Dagli anni della prima guerra mondiale, egli trasformò significativamente la propria pratica professionale, modificò la sua idea di psicoterapia e, sulla base di esperienze personali, stabilì ciò che è tuttora conosciuto come «analisi junghiana»: non più univocamente connessa con il trattamento di una patologia, la psicoterapia divenne uno strumento di sviluppo della personalità, destinato a chiunque si confronti con i problemi intrinsechi al corso della vita e ai suoi compiti evolutivi.

La radice di questo cambiamento va ritrovata in quel personale «viaggio interiore» a cui Jung aveva dato avvio nel 1913 (anno in cui rinunciò anche al suo incarico di libero docente all’Università di Zurigo e che segnò la rottura, definitiva e non più sanabile, con Freud), che consisteva nell’evocare di proposito una fantasia in stato di veglia, per poi entrarvi, come se si trattasse di una rappresentazione teatrale. Tra il 1913 e il 1932 documentò queste esperienze nei Libri neri, integrandole con riflessioni sui propri stati d’animo e sulle difficoltà incontrate nella loro elaborazione. Allo scoppio della Prima Guerra Mondiale, inoltre, si persuase che alcune di queste fantasie ne fossero state una «precognizione»: ciò lo spinse a comporre la prima bozza del Liber Novus o Libro rosso, nel quale trascrisse le principali fantasie raccolte nei Libri neri, accompagnate da commentari interpretativi, elaborazioni liriche e un ricco apparato di illustrazioni e motivi ornamentali.
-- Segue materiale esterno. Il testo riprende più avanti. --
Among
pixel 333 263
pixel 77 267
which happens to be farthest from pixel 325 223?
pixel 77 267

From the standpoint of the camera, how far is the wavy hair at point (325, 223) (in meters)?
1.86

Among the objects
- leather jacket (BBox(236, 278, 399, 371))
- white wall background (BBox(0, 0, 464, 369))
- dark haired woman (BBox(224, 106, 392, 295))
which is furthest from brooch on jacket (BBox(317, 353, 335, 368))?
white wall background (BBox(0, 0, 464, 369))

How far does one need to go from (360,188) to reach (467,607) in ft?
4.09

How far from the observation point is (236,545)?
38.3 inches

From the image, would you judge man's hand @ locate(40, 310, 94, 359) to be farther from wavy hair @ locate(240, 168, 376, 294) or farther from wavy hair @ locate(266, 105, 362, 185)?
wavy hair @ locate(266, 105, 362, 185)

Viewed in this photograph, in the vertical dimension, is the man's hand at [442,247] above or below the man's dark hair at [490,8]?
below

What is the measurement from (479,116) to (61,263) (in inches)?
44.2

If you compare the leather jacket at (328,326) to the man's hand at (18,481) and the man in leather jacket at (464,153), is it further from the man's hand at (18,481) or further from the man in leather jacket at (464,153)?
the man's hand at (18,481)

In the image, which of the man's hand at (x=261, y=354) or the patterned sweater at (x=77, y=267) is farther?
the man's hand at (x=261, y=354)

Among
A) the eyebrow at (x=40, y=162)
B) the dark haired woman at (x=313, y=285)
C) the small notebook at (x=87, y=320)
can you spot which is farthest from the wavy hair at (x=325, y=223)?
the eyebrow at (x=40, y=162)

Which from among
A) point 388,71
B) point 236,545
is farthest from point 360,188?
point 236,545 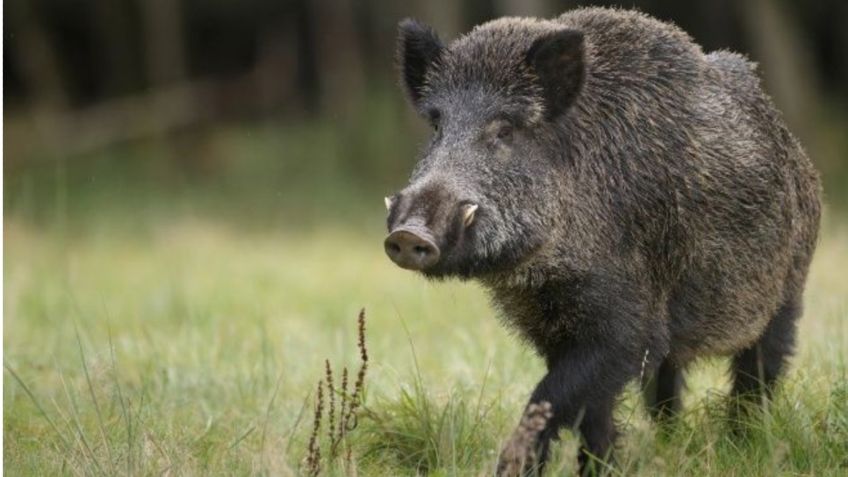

La raccolta di Jolande Jacobi
Considerando la propria esperienza come paradigmatica, inoltre, Jung si propose di mostrare come i processi psichici documentati nel Liber Novus non costituissero una esperienza specificamente sua, ma come fosse possibile ritrovare quei temi anche nell’esperienza interiore di altri. Dal 1916, così, i suoi pazienti furono istruiti sul come condurre le proprie immaginazioni attive, avviare dialoghi interiori e tradurre le proprie fantasie con il disegno e la pittura. Jung era solito chiedere ai propri analizzandi copia delle opere da loro prodotte, desiderando però che gli originali rimanessero ai rispettivi autori. Tra il 1917 e il 1955, circa 4500 raffigurazioni realizzate da allievi di Jung e circa 6000 da pazienti della sua collaboratrice Jolande Jacobi confluirono nell’archivio iconografico del Carl G. Jung-Institut di Zurigo, dove sono tuttora custodite e classificate in forma anonima. Nel 2018, in occasione del 70° anniversario della fondazione dell’Istituto, è stata allestita una prima esposizione di questi materiali presso il Museum im Lagerhaus – Stiftung für schweizerische Naive Kunst und Art Brut di San Gallo, di cui è testimonianza il volume appena uscito, Tesori dell’inconscio C.G. Jung e l’arte come terapia, curato da Ruth Ammann, Verena Kast e Ingrid Riedel (Bollati Boringhieri, traduzione di Maria Anna Massimello, pp. 252, € 55,00).